日韓議連「解決策の内容を高く評価し歓迎する」

超党派の国会議員でつくる「日韓議員連盟」の会長を務める自民党の額賀元財務大臣と、幹事長を務める武田元総務大臣は連名でコメントを発表しました。

コメントでは「日韓両国政府が真摯(しんし)に協議を行ってきたことに敬意を表するとともに、今回の解決策の内容を高く評価し、歓迎する。問題が一刻も早く解決して、両国の関係が健全なものとなることを強く希望し、議員連盟として引き続き、両国関係の発展のために議員外交を全力で担っていく」としています。

経団連 韓国の経済団体と連携強化へ

太平洋戦争中の「徴用」をめぐる問題での日韓両政府の動きを踏まえ、経団連は韓国の経済団体と共同で経済分野などでの連携強化につながる事業を検討していくことを明らかにしました。

経団連の十倉会長は6日の記者会見で、「徴用」をめぐる問題で韓国政府が解決策を発表したことや、日本政府が評価する考えを示したことについて「日韓関係を未来に向けてよりよいものにしようと、日本政府が決心されたことは非常に評価したいと思う。

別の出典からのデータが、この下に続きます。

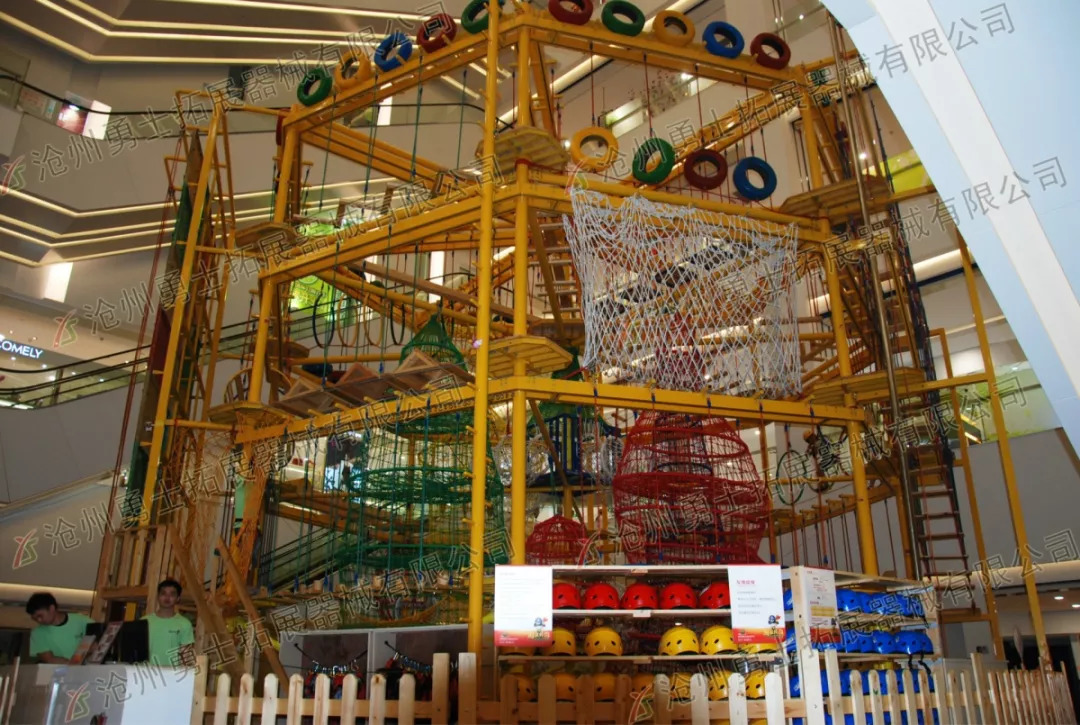 广州市儿童游乐设施安全专项检查,商场儿童游乐项目存在安全隐患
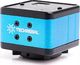 Mikroskop Techrebal MIKROSKOP CYFROWY KAMERA 5MP USB + MATA ESD SERWIS 4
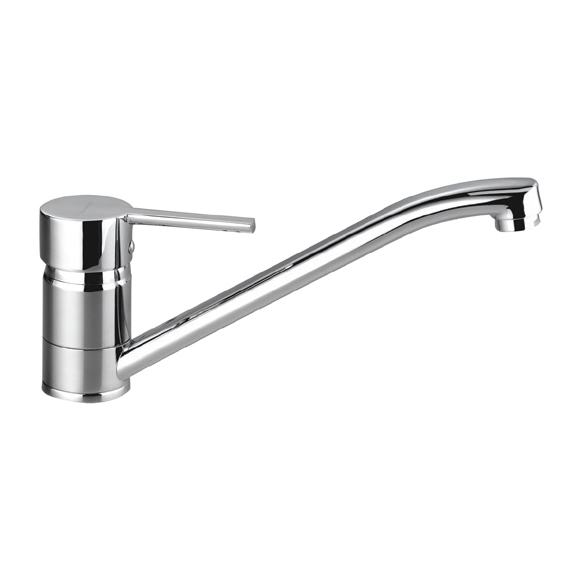 Смеситель высокий для кухни однорычажный DRAKO 3309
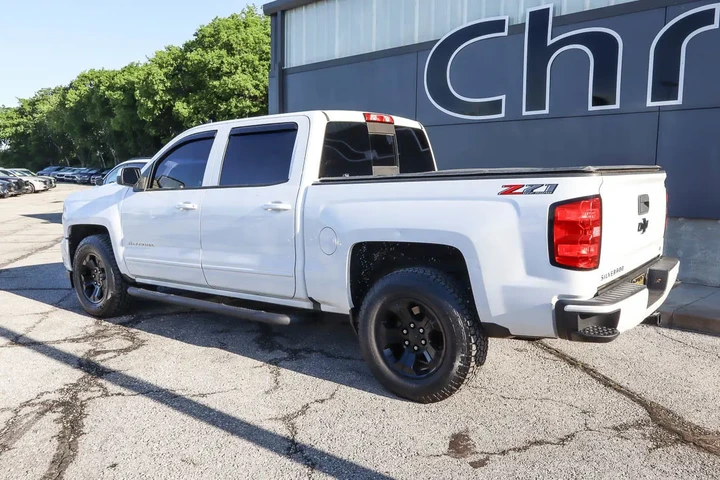 $25548 : 2018 Silverado 1500 4WD Crew image 6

地政学的なリスクが高まっているので、協力して対処しようという未来志向の表れだと思う」と述べました。

そのうえで「時間がかかる面もあると思うが、日韓の経済界で未来志向の事業を行うことが役に立つのであれば、われわれにとってもありがたい話だ」と述べ、韓国の経済団体「全国経済人連合会」と共同で経済分野などでの連携強化につながる事業を検討していくことを明らかにしました。

また事業を進めるために基金を設立する場合には、会員の企業から寄付金を募ることはせず、経団連から資金を出すことを想定しているということです。

会見の中で十倉会長は「日韓の間ではエネルギーの安全保障や少子高齢化など同じような悩みを抱えている。あらゆる分野でどういうことができるか検討していきたい」と述べ、幅広い分野での連携を模索したいという考えを示しました。

日本製鉄「解決済みと認識 コメントする立場にない」

「日本製鉄」は「解決策が公表されたことは承知しておりますが、韓国政府の国内措置について、当社としてコメントする立場にございません。本問題は、1965年の日韓請求権協定によって解決済みと認識しております。引き続き適切に対応してまいります」としています。

三菱重工業「コメントする立場にない」

「三菱重工業」は「日韓請求権協定により、完全かつ最終的に解決されているというのが当社の立場であり、コメントする立場にありません」としています。